SOURCE MATERIAL START

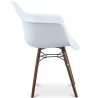 Buy Dining Chairs - Scandinavian Design - Dark Wood Legs - Skandiva White 61569 - prices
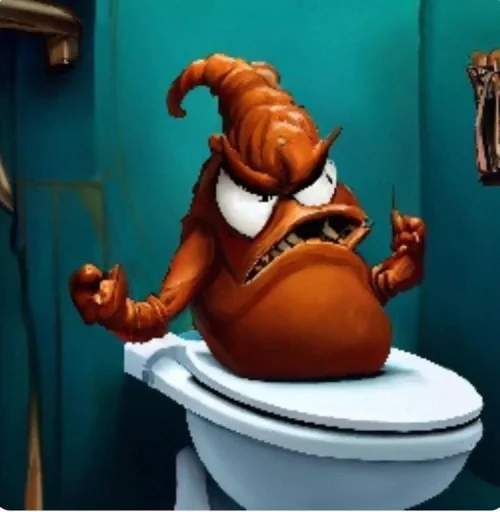 🤩 Стикер «Poops» для Telegram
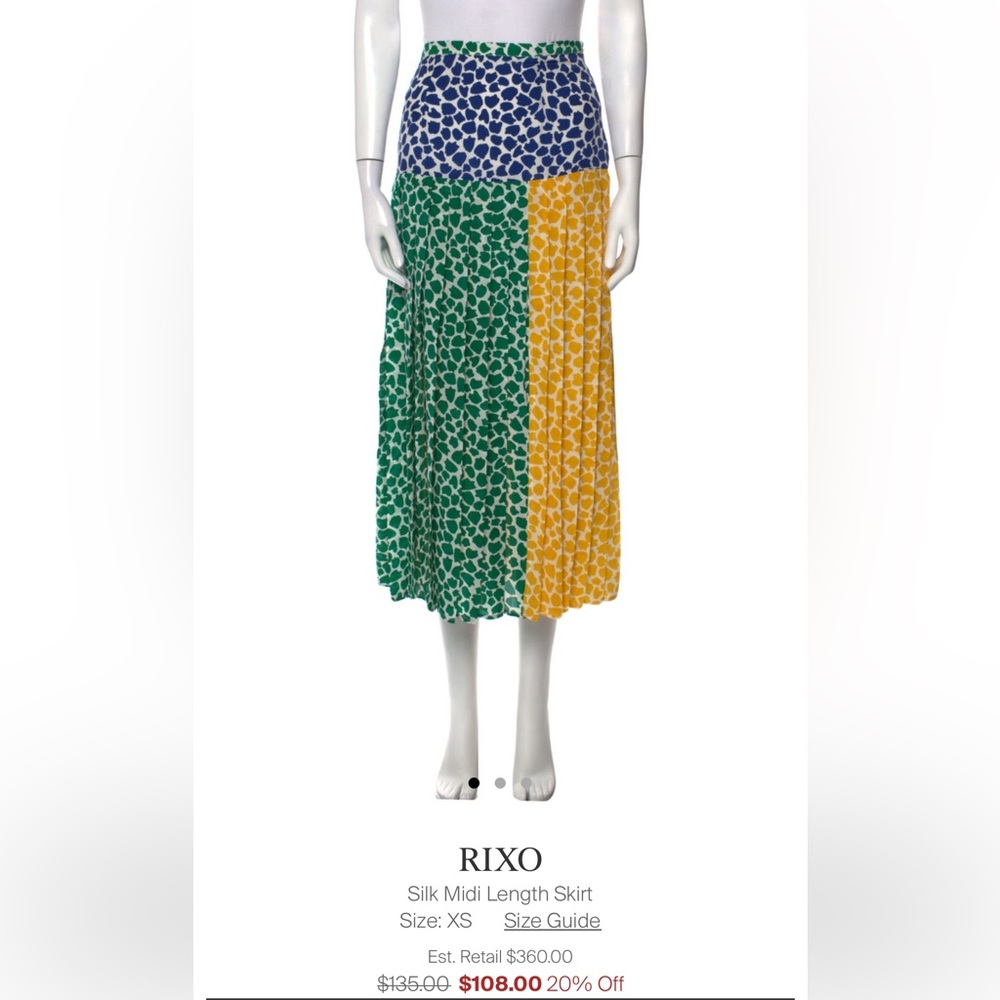Silk RIXO skirt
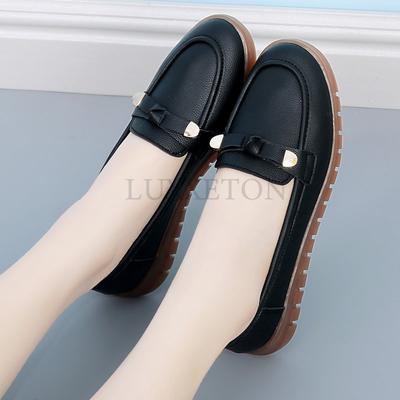 Женская повседневная обувь из натуральной кожи, лоферы на платформе, женские дизайнерские кроссовки, ультрамягкие мокасины для мам, женские туфли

SOURCE MATERIAL END

* PROBLEM REQUIREMENTS
Reproduce the material word for word. Any pictures should be left out of the copy.

* SOLUTION FOR THIS TASK
 Buy Dining Chairs - Scandinavian Design - Dark Wood Legs - Skandiva White 61569 - prices
 🤩 Стикер «Poops» для Telegram
Silk RIXO skirt
 Женская повседневная обувь из натуральной кожи, лоферы на платформе, женские дизайнерские кроссовки, ультрамягкие мокасины для мам, женские туфли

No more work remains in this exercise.